CORRECT QR Codes
“Cracking a 600 million year old secret to fit computer vision on the edge”
Dr. Shivy Yohanandan
Co-founder and Chief Technology Officer
The ultimate goal of AI IoT is to be aware of our surroundings through sensors which can respond in real-time so we can be more selective with how we use and manage our limited resources, which reduces business and environmental cost. But the big problem with AI IoT is that current AI uses more energy to process IoT data than the energy it’s trying to save, which is a paradox. The main cause is expensive algorithm families like YOLO, SSD, R-CNN, and their derivatives, which account for most of the computer vision algorithms used by everyone!
YOLOs and SSDs do object detection (a staple in most computer vision) by shrinking the full resolution image to 416×416 or 300×300 and then doing both localization and classification on this shrunken image. But you’ve now lost over 95% of information from the original image, which is why accuracy, robustness and generalizability seems to be poor, especially when trying to scale across many IoT sensors (e.g. cameras). In addition to this inherent design flaw, these models are huge and computationally expensive, which is why everyone is trying to fit them on the edge by shrinking these models. However, this often results in losing even more accuracy on a model that was already inaccurate to begin with!

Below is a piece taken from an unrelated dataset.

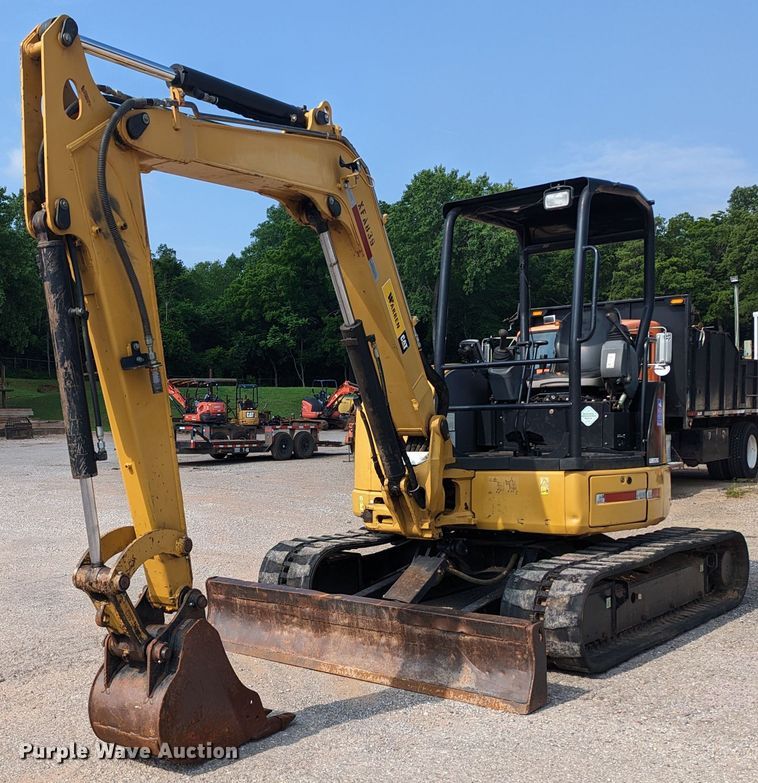image for item MO9038 2012 Caterpillar 305ECR  mini excavator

Xailient solved this problem by cracking a 600 million year old secret in biological vision: selective attention and salience. The secret mechanism shows us how to split object detection into two separate models: detection and classification. This results in Xailient’s detector being only 44 KB — 5000x smaller than YOLO! You can then use your own flavor of classifier to process each detected ROI one-by-one, except now using a crop from the original image, thus preserving more information for better accuracy. So we’ve solved both model size and accuracy in one hit!